Il me semble que l'oraison silencieuse du prêtre commence par le constat du décalage dont j'ai précédemment parlé. Pour lui comme pour tout chrétien, l'oraison silencieuse - je ne parle pas ici de la méditation, qui est un exercice discursif, mais bien de la prière "sans filet", "sans support" - conduit toujours à la découverte de sa misère, mais d'une misère tellement "miséricordiée" (si l'on ose ce néologisme) qu'on en est tout de suite débarrassé.

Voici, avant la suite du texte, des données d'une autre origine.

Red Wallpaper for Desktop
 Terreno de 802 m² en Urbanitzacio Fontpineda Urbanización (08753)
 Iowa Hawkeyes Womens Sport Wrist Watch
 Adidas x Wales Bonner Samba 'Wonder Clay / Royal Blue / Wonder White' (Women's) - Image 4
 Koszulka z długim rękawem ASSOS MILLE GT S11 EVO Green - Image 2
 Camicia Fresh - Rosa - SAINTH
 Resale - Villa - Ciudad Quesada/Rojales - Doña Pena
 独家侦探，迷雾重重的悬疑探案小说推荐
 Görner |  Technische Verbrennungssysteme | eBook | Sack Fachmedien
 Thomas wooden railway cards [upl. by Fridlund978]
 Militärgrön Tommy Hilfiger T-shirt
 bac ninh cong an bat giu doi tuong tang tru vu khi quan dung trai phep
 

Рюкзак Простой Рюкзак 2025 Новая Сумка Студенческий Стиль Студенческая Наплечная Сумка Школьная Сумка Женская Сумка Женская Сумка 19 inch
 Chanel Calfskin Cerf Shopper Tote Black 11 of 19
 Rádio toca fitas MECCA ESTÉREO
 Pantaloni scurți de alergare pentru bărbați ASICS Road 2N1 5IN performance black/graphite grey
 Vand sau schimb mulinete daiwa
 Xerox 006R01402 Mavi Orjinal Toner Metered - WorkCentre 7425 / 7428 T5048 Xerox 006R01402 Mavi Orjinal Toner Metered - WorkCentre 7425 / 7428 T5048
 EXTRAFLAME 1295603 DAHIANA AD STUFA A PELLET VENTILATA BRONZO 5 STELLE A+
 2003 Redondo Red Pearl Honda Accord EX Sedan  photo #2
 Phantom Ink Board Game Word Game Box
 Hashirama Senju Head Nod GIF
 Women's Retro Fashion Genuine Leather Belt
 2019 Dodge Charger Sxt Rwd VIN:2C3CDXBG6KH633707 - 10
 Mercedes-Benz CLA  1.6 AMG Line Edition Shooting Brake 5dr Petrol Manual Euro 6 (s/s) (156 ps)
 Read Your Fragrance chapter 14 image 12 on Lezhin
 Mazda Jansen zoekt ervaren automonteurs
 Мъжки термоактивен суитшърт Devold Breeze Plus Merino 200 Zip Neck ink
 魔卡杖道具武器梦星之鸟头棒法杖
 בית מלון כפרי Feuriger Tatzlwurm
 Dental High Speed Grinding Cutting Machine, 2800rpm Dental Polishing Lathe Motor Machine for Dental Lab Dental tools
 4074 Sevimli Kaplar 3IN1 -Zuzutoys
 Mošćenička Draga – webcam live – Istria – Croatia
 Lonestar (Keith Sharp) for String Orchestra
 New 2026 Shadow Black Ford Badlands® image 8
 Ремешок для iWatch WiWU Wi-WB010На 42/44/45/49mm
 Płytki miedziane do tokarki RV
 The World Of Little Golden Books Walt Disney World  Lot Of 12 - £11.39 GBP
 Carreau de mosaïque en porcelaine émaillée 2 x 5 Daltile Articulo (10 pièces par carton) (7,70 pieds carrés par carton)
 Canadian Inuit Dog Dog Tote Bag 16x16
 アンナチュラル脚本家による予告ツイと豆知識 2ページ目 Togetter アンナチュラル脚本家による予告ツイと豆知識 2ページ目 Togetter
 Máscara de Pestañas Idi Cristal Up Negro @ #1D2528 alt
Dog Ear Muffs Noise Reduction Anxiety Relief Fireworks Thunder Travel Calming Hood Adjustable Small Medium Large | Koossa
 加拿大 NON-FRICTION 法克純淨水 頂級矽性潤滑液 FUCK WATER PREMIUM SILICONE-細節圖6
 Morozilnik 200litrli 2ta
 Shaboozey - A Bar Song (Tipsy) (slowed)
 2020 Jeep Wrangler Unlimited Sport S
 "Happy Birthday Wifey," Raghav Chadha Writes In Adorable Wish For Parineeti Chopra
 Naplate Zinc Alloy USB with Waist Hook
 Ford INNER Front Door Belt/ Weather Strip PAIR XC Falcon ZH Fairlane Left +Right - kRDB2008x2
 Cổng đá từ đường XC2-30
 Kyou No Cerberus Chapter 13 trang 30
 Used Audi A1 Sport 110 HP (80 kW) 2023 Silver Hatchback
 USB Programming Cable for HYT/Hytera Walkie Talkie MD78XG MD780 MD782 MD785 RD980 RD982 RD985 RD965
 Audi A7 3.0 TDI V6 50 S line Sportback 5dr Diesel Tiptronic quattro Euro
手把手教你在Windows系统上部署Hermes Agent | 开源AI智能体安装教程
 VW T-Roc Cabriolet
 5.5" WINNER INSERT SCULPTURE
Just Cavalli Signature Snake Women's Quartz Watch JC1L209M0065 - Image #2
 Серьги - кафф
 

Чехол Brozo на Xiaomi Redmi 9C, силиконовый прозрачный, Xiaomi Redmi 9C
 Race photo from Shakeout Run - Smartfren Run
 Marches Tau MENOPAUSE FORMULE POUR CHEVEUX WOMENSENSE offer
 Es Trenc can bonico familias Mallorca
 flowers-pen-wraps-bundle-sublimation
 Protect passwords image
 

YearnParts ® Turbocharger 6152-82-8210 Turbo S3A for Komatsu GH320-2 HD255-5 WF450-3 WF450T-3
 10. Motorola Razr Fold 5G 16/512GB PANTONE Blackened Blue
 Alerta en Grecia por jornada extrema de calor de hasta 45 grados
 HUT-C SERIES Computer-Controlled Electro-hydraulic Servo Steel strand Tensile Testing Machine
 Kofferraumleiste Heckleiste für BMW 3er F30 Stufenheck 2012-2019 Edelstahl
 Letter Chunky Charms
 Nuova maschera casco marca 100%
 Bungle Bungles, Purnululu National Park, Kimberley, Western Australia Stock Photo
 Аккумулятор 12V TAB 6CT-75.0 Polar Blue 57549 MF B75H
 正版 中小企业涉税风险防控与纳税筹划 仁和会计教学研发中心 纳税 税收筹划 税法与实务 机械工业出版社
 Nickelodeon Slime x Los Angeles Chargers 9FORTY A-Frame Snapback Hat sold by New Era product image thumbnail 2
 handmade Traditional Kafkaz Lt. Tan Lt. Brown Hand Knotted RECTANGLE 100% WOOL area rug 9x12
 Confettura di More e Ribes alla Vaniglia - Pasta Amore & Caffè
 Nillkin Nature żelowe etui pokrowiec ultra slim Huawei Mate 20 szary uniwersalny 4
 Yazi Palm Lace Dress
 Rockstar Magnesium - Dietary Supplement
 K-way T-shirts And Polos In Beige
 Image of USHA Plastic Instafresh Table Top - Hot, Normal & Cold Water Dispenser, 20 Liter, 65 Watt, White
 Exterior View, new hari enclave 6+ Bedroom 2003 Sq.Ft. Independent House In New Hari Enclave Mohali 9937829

C'est que nous ne nous connaissons pas nous-mêmes : nous vivons dans la représentation de nous-mêmes, dans le théâtre extérieur et intérieur de nos personnages, de nos rôles. Mais qui sommes-nous, en vérité? Seule la prière nous délivre, dans le face à face silencieux avec Dieu, notre Créateur et notre Sauveur, la révélation de notre idéntité véritable. Devant Dieu, nous nous voyons peu à peu tels que nous sommes et que les critiques inévitables d'autrui nous font pressentir. Mais, surtout, nous nous découvrons sauvés, réconciliés de l'intérieur avec nous-mêmes, plus conscients de nos faiblesses, mais éveillés à la présence de Celui qui, plus faible encore que nous-mêmes par consentement d'amour, nous précède en nous-mêmes pour nous dire combien nous comptons aux yeux de l'Amour.
Je crois qu'aucune vie chrétienne et, en particulier, aucune vie sacerdotale, n'est possible sans ce genre de rencontre qui est au-delà des mots. Ôtez l'oraison, rien n'est fécond dans la vie de l'Eglise. Prenez le temps de l'oraison, et l'amour (agapè) devient possible, reçu et peut-être même partagé.